> _Prompt_: What needs reproducing is the run of lines in the data below starting at the line with "2019-2023年1-8月中国橡胶轮胎外胎产量及增长" and ending at the line with "LOGICOM FX500 - 1-2 Schéma et fonctions - 1", both ends included. Copy it exactly, without pictures, and add nothing.

> _Material to process_:

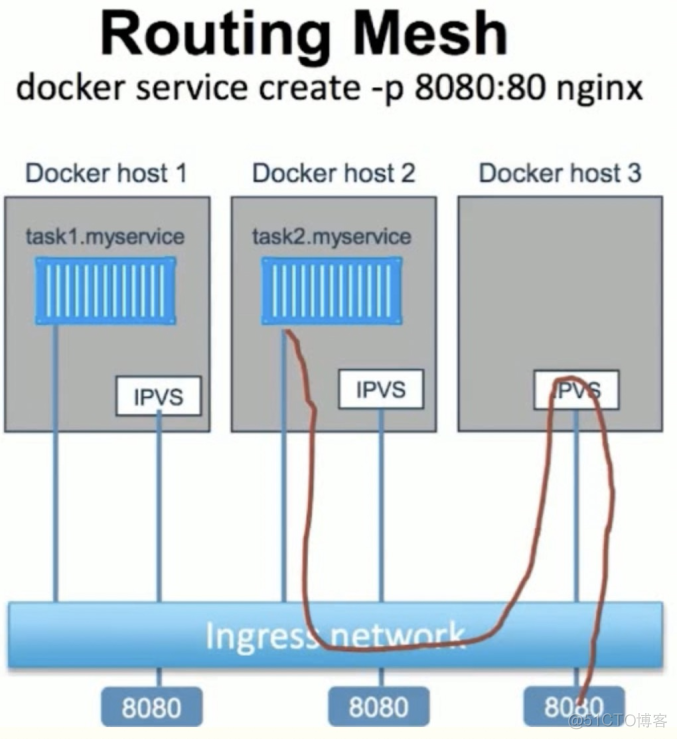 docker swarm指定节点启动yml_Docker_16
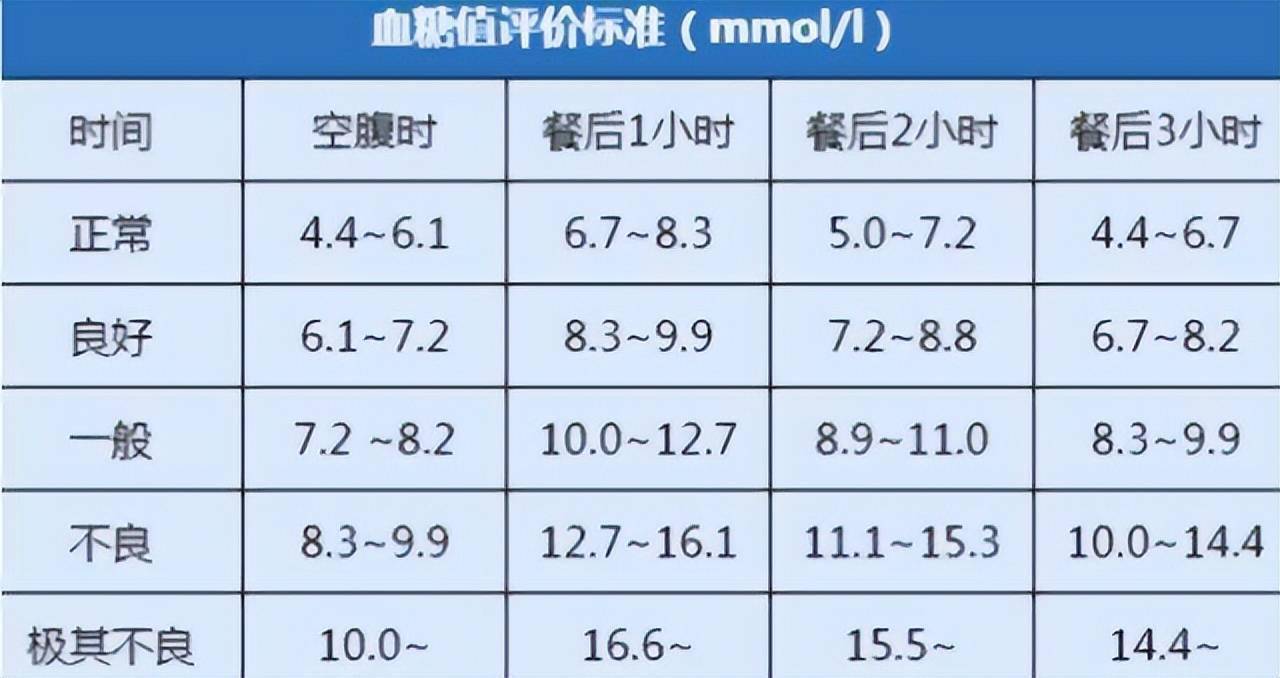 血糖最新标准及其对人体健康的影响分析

--

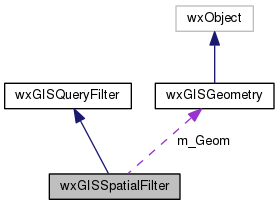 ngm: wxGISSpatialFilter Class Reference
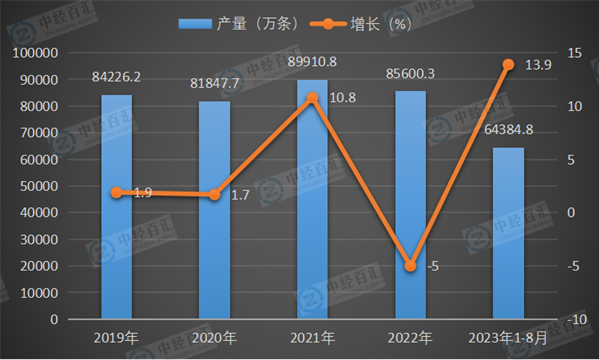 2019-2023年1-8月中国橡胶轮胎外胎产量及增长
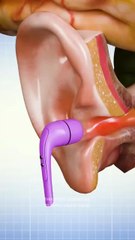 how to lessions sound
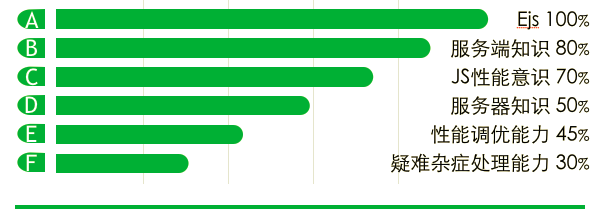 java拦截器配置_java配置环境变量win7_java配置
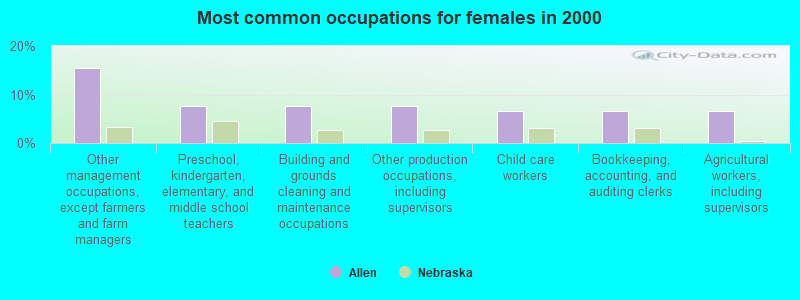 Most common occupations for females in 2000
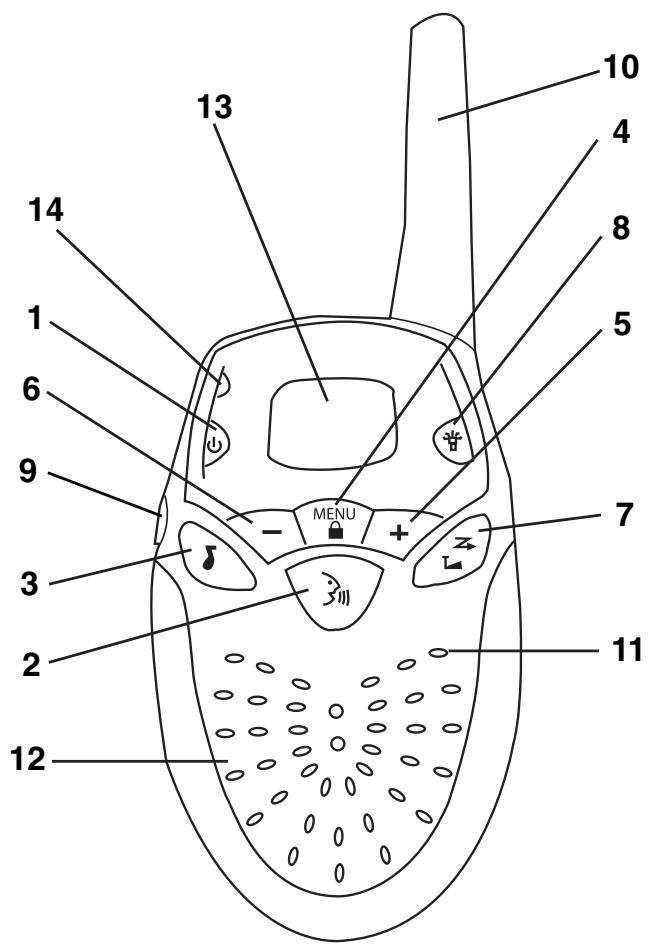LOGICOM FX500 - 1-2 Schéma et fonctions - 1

> _Answer below_:
 2019-2023年1-8月中国橡胶轮胎外胎产量及增长
 how to lessions sound
 java拦截器配置_java配置环境变量win7_java配置
 Most common occupations for females in 2000
LOGICOM FX500 - 1-2 Schéma et fonctions - 1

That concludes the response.